Building a kaido racer
Next up, a popular style called Haiso gained traction in the 1980s. Japan was in its best economic period during this time, so auto manufacturers focused on building big luxury sedans. Another term coined by Holiday Auto Magazine, Haiso, is a compound word using the English words for “High Society.” Cars like the Nissan Gloria and Toyota Mark II were given chrome fender trim, pearls strung from the mirror, and even things like a chandelier instead of a typical interior light. In addition, wheel fitment was less aggressive than the Grachan cars and more focused on luxury.
The last style is the easiest to understand. Kyusha is a popular styling of kaido cars. When translated, Kyusha is just Japanese for “old car.” Much like American muscle cars, the vehicles used are classics that have undergone restoration or are survivors. The cars receive a “day two” modification, simple bolt-ons like exhaust, wheels, bucket seat, or steering wheel. Focus is put on accenting the original car without really changing the look.

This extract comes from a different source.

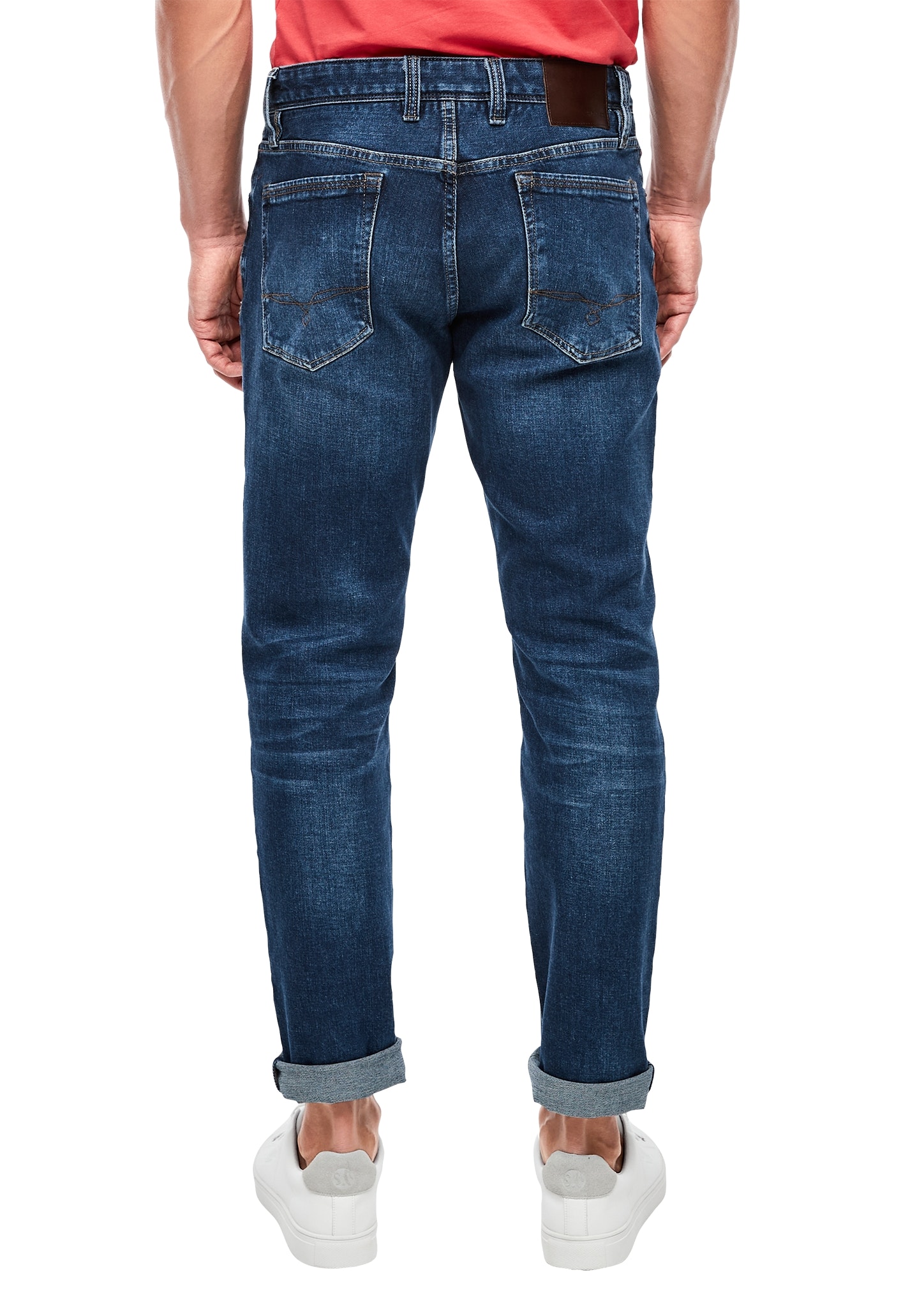 Stretchjeans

Modifications for a kaido racer
There is a large number of modifications you can make for a kaido racer. The important thing to start with is a good base car. Common base cars in the US are the 1969-1978 Datsun 240z, 1976-1988 Toyota Cressida, and 1978-1985 Mazda RX-7. Plenty of other cars can work, but these are the easiest ones to find that have plenty of inspiration to pull from. One of the most significant modifications for these cars is the wheels. The first step is always to lower the car as much as possible, but the second step is to get a good wheel style. The wheels most commonly used for kaido racers are the SSR MK1, SSR MK2, Devil Japan Shadow Spoke, Hayashi Racing Techno Phantom, SSR Longchamps, and the Hiro V1-R.

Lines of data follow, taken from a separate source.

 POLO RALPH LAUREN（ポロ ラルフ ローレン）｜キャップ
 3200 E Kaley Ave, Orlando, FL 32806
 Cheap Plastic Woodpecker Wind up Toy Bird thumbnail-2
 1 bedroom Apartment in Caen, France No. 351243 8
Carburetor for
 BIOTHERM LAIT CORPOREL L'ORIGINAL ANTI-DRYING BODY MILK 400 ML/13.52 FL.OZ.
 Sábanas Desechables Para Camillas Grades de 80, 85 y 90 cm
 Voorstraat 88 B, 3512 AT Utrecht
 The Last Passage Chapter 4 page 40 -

Another common modification is the exhaust. Many used pipes with no mufflers at all to mimic the loud exhausts of racecars. Refining the sound even more, people only use 1.5-inch and 2-inch pipes for the exhaust to achieve a specific tone. The last common exterior modification you will see is tail light swaps. Using tail lights from vehicles like the Mazda Titan or Toyota Carina became a big part of the style. KaidoRacer goes into more detail on specific parts and the history behind why they are used.
Should you build a kaido racer?
In short, you should absolutely build a kaido racer. The culture is wild, expressive, and fun. Not only are the cars still available and somewhat obtainable, but the community is also tight-knit in the US and Canada. You can attend a handful of events to meet the people involved in the culture and see some of these cars firsthand.